For I(s) traces with long plateaus (sb=0.9 nm), Fig. 3a,b, the two event classes appear as distinct clusters in the polar plot and separation is trivial (either based on ΔX or θ). Under these conditions, a 1D current histogram also provides the plateau current Ip and hence the molecular conductance, cf. Supplementary Fig. 9. Once we allow for some variation around the mean break-off distance (0.9±0.1 nm), Fig. 3b,e, the plateau-containing cluster spreads out, in terms of both ΔX and θ, but is still well-separated from the exponential traces in the polar plot. On the other hand, in the 1D current histogram for shorter plateau lengths differentiation becomes increasingly difficult, and essentially impossible for very short plateaus (sb=0.35 nm), cf. Fig. 3c,f and Supplementary Fig. 9.

In the polar plot, the individual event clusters strongly overlap in the ΔX, θ dimensions, but can be clearly differentiated via hr, as illustrated in Fig. 3g).

Subsequently, we investigated the ability of the vector-based method to differentiate sub-populations in the data. For this purpose, we generated 1000 I(s) traces of simulated data consisting of 40% exponential decays and 20% each of simple plateaus, and plateaus with superimposed sinusoidal and telegraphic noise features (additional current noise: 0.2 nA in all cases), Fig. 4a. While the exponential decays and plain plateaus stand for through-space tunnelling and conventional molecular bridging events (see above), the sine-shaped event is a proxy for non-linear event shapes, as reported previously12,23,22. Telegraphic noise features have also been observed previously in I(s) experiments and are typically thought to be associated with dynamic effects in the junction11,18,21. A polar plot showing the point density as well as the 1D current histogram are included in Supplementary Figs 10 and 11.

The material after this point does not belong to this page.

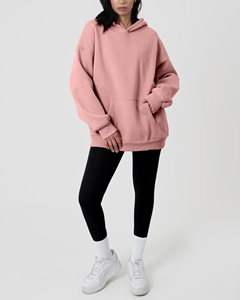 Sudadera con Capucha para Mujer, Estilo Casual, Holgada, de Algodón 100%, de Alta Calidad, Personalizada, para Invierno, con Hombros Caídos, Fabricante - Product Image 2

Figure 4: Vector-based analysis on different plateau shapes.
figure 4

(a) Simulated I(s) traces with plain (red), telegraphic (magenta), sine-shaped (green) event features, as well as exponentially decaying traces (blue). Inset: enlarged section of telegraphic switching with dotted lines indicating the ‘on’ and ‘off’ states. (b) All-data 2D current histogram (Current binning: 150 bins/decade, distance bin width: 0.004 nm for all 2D histograms). (c) Polar plot of whole data set. (d) ΔX-histogram (bin width: 9 × 10−7). (e) ΔX-histogram (bin width: 5 × 10−5) Dashed lines represent 2 σ cutoffs, grey bars indicate counts outside the cutoffs. (f) θ histogram (Bin width: 0.3°) (g) hr histogram (Bin width: 8.5 × 10−3) (hk) 2D current histograms for each event cluster after separation.

Such scenarios would normally be analysed using 2D current–distance histograms, since different event shapes become apparent, as long as the S/N ratio is sufficiently high. As shown in Fig. 4b, this is indeed the case, at least to some extent (note the logarithmic scale on the ordinate). However, without separating the individual traces, it would be difficult to extract the actual event characteristics or assess the relative abundance.

MPVC, on the other hand, does provide further insight into the individual event characteristics even at high low S/N levels, as shown in c (RoI 0.4–1 nm), and four event clusters become apparent (colour coding as in Fig. 4a). As mentioned above, we discuss the separation process in a sequential manner for illustration purposes.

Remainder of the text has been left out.